Atp7b deficient mice that were generated by directed genetic disruption display a gradual accumulation of hepatic Cu that increases to a level 60-fold greater than normal by 5 months of age and develop cirrhosis of the liver, while the progeny of homozygous mutant females are initially characterized by neurological abnormalities and growth retardation that is specific to Cu deficiency [16]. In addition, it is known that these mice show an increase in Cu and Fe concentration in the brain [16]. Interestingly, these mice have further elevated hepatic and cerebral superoxide dismutase activities indicating oxidative stress in respective tissues that is combined with a severe dysfunction of mitochondrial energy production [17].

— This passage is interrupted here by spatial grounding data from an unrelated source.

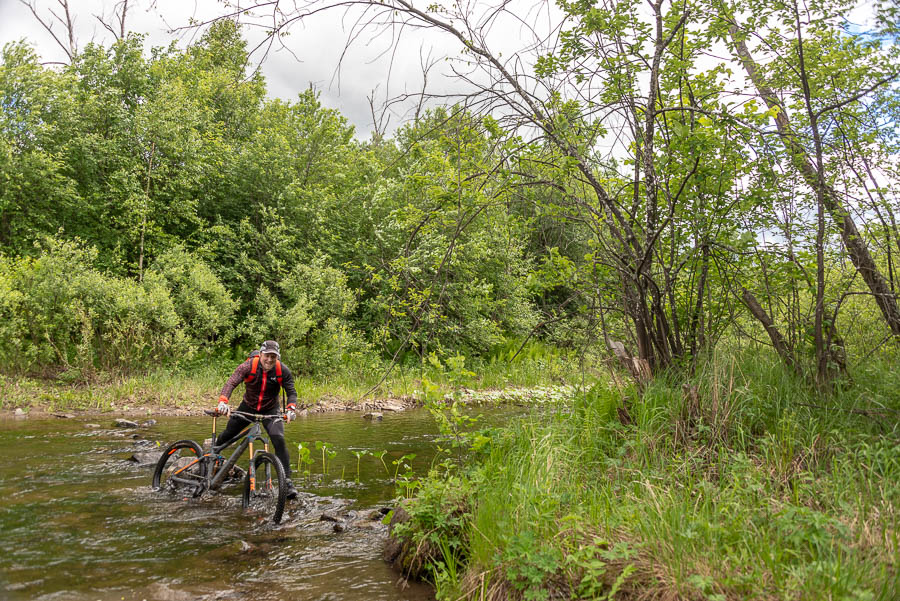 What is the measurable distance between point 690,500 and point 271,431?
202 inches

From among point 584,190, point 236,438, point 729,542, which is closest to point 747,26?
point 584,190

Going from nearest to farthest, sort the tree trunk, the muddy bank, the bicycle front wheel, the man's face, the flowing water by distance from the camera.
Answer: the flowing water → the tree trunk → the bicycle front wheel → the man's face → the muddy bank

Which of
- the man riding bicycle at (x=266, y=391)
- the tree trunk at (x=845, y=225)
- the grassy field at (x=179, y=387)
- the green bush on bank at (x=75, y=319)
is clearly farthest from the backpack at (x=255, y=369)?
the green bush on bank at (x=75, y=319)

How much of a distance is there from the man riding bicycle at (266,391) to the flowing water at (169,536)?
0.79 m

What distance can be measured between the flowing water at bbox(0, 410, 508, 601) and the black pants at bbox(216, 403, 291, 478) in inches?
24.7

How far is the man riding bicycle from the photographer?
7.14 m

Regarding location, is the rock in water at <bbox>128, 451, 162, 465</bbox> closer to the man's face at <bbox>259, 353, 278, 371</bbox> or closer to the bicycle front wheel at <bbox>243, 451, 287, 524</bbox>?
the bicycle front wheel at <bbox>243, 451, 287, 524</bbox>

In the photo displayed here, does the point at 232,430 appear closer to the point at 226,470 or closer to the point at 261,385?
the point at 226,470

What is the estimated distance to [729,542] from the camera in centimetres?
348

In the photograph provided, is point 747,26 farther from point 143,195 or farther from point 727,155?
point 143,195

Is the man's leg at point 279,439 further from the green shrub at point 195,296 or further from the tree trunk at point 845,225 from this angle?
the green shrub at point 195,296

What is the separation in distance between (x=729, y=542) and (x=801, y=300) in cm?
364

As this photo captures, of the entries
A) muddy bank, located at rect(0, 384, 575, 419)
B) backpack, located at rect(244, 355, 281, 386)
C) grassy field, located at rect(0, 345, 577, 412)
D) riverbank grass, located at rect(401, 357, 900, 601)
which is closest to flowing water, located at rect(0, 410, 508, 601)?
riverbank grass, located at rect(401, 357, 900, 601)

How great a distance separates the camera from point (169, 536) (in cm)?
587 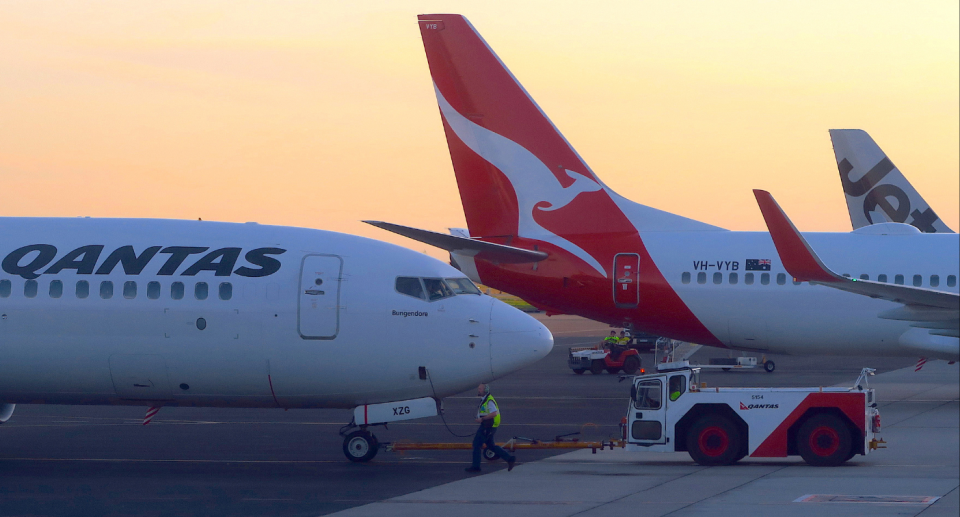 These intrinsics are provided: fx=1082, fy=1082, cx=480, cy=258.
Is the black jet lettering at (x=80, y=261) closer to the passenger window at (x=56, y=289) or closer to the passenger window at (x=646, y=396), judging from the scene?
the passenger window at (x=56, y=289)

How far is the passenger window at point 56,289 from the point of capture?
22.5 m

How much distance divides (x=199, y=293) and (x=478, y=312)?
19.0 feet

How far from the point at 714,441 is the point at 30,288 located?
14.4 metres

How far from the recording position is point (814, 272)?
67.5 ft

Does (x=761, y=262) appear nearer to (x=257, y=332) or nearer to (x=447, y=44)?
(x=447, y=44)

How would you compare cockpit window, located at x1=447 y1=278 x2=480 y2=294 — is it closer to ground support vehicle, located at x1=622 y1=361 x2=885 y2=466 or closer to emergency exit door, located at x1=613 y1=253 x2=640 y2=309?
ground support vehicle, located at x1=622 y1=361 x2=885 y2=466

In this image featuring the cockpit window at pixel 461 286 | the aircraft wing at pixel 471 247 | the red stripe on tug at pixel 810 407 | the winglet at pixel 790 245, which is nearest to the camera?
the winglet at pixel 790 245

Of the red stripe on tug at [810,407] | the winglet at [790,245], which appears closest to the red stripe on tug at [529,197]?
the winglet at [790,245]

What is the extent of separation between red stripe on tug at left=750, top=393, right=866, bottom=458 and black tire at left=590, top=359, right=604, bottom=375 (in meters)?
26.9

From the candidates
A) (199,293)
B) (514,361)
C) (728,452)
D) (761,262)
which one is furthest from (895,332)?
(199,293)

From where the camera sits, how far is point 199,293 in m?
22.4

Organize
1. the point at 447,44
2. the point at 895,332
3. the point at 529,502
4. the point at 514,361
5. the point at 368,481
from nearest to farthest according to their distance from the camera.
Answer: the point at 529,502 → the point at 368,481 → the point at 514,361 → the point at 895,332 → the point at 447,44

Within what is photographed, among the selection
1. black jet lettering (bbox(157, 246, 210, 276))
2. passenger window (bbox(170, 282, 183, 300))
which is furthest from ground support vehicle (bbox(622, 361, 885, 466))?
black jet lettering (bbox(157, 246, 210, 276))

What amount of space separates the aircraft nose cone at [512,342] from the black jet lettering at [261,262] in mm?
4662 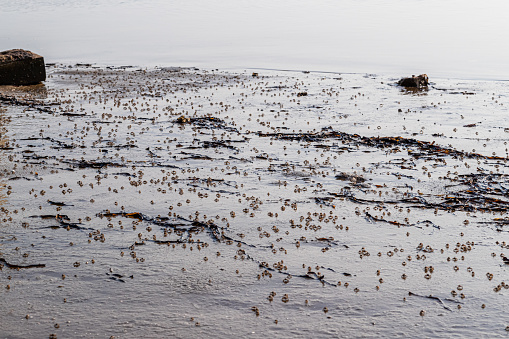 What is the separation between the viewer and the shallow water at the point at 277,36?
129 ft

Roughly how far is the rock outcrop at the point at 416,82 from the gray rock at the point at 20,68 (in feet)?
65.8

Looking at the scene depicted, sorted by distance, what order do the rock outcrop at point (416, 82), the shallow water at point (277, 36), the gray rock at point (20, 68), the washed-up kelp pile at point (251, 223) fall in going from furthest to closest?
the shallow water at point (277, 36)
the rock outcrop at point (416, 82)
the gray rock at point (20, 68)
the washed-up kelp pile at point (251, 223)

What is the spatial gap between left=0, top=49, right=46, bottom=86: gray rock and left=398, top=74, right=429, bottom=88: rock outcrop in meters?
20.0

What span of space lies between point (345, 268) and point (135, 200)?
5489mm

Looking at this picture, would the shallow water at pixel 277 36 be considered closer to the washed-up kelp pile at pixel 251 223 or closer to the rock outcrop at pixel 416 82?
the rock outcrop at pixel 416 82

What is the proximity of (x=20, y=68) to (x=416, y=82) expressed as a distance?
21368 millimetres

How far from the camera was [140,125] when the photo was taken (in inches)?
796

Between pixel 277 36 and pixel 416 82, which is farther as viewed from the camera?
pixel 277 36

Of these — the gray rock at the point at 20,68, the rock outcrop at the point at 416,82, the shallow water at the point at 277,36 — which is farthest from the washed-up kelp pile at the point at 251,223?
the shallow water at the point at 277,36

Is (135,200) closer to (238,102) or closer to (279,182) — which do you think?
(279,182)

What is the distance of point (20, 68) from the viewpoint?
→ 28.6 m

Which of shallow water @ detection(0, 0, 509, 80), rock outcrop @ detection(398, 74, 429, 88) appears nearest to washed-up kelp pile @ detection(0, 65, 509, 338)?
rock outcrop @ detection(398, 74, 429, 88)

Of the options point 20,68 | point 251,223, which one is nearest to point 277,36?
point 20,68

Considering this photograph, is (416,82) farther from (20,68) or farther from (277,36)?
(277,36) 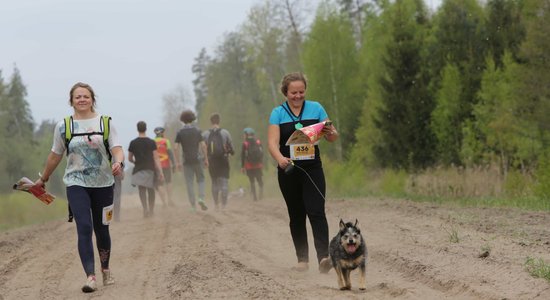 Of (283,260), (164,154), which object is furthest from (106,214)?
(164,154)

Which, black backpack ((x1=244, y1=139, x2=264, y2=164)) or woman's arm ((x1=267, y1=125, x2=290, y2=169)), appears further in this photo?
black backpack ((x1=244, y1=139, x2=264, y2=164))

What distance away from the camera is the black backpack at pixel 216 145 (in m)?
18.0

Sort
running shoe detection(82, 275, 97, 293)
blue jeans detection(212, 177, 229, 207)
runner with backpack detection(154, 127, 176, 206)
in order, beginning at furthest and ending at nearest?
runner with backpack detection(154, 127, 176, 206)
blue jeans detection(212, 177, 229, 207)
running shoe detection(82, 275, 97, 293)

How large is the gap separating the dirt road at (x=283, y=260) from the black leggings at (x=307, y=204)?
32cm

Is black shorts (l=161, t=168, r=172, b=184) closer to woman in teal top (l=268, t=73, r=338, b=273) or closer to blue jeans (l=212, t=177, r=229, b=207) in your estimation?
blue jeans (l=212, t=177, r=229, b=207)

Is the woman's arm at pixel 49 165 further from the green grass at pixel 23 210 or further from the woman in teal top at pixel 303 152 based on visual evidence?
the green grass at pixel 23 210

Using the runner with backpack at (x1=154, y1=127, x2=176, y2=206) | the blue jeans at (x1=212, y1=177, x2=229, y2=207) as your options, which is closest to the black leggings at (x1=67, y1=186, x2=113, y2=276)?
the blue jeans at (x1=212, y1=177, x2=229, y2=207)

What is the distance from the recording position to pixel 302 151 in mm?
7879

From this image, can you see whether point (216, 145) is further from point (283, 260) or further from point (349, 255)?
point (349, 255)

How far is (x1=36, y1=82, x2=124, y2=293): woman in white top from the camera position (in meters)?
7.49

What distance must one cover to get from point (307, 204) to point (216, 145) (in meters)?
10.3

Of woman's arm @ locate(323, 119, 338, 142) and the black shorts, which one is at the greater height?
woman's arm @ locate(323, 119, 338, 142)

Using quantitative positron emission tomography in Atp7b deficient mice, it was demonstrated that injection of 64CuCl2 intravenously resulted in increased accumulation and markedly reduced clearance of Cu from the liver, while 64Cu radioactivity at all times was lower in the brain, kidneys, lungs, and heart compared to wild type (WT) animals suggesting that the reduced 64Cu radioactivity in the Atp7b null mice in extrahepatic tissues may be caused by hepatic trapping of Cu [18]. Likewise, the oral administration of radioactive CuCl2 was not able to induce higher concentrations of Cu within brains of mice that lack functional ATP7B protein [19]. These imaging findings demonstrate that Cu homeostasis and distribution in different organs is differentially regulated.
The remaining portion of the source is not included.